Dec. 21 marks the end of the 13th Bak’tun Cycle of the Mayan calendar. The end of one cycle, according to Mayan tradition, means the beginning of a new era – and potentially the end of this world.
The new era that Guatemalans hope to inaugurate involves more attention to their historical sites and a better experience for visitors. To accomplish that, with help from Counterpart International, they launched the Bak’tun tourism route, or Ruta de los Bak’tunes, July 19 after two years of intensive efforts to coordinate people and sites.
The event drew more than 140 representatives of the media, government and business. It showcased a series of promotional and communications tools, including a map of the 11historic places on the Bak’tun Route and a website that features them and other useful tourism information: www.2012guatemala.com.
“With these tools, tour operators and tourism sector leaders have all of the necessary information to begin exploring and designing new product and service options closely related with the Maya, and the 13 Bak’tun commemoration,”said Mariano Beltranena, President of Guatemala’s Tourism Chamber.
The development process
Together with Guatemala’s Tourism Institute and Guatemala’s Tourism Chamber, Counterpart worked to identify archaeological and historic sites throughout the country rich in Mayan history.
Counterpart worked with each site and the surrounding communities to develop tourism services and facilities, including tour routes, tour guides and restaurants, and to hire and train staff for them.
Finally, the partners developed marketing materials to advertise the sites and their offerings.
Sites to see
Two routes – Living Culture and Great Mayan Cities – take tourists to 11 ancient Mayan cities, all important historical sites associated with the Mayan calendar.
Along the routes, one will find monuments, trails and structures related to the Mayan calendar, as well as sacred sites where the Mayan people still perform traditional ceremonies.
Sites to see include Yahxa-Nakum-Naranjo National Park and Kaminal Juyu’.
Yahxa-Nakum-Naranjo National Park, for example, is the site of one of the largest Mayan cities in Guatemala’s Petén region. The city was occupied during the Middle Preclassic and Postclassic period (350 B.C. through 900 A.D.). Similar to Guatemala’s famous Tikal National Park, Yaxha has a twin pyramid complex that was used to mark cycles of the Mayan calendar.
Kaminal Juyu’ archaeological park, in Guatemala City, was an important trading center during the Preclassic Period. The city is home to a complex structure, called the Serpent Mound, which supplied water to the city. Residents still perform traditional Mayan ceremonies there.
Counterpart’s partnership with the Tourism Institute and the Tourism Chamber proved vital to the success of Bak’tun project.

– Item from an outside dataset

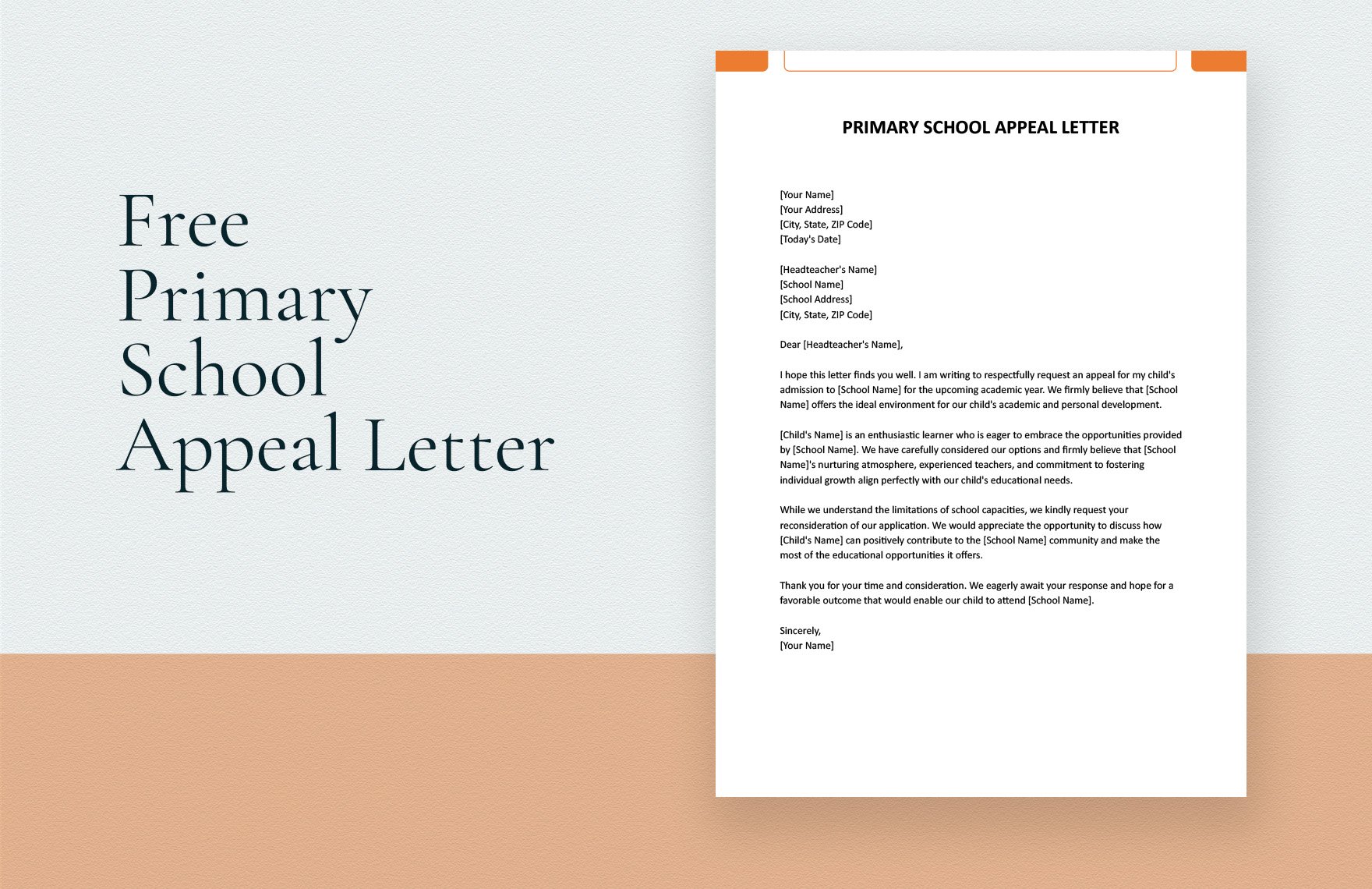 Primary School Appeal Letter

Institute Director Pedro Duchez called the process “an exemplary case of a dynamic alliance, led by Counterpart and [the institute], that brought many actors from academia, private sector, public sector and NGOs.” He said they worked together to produce “a high-quality tourism strategy and tools.”
About the Community Tourism Alliance
Counterpart’s Community Tourism Alliance creates and supports economic development through tourism development.
Counterpart works with Guatemalan tourism enterprises to conserve their natural resources while attracting travelers to the beauties of the country and ultimately rebuilding and advancing the economy and the country’s long-term stability.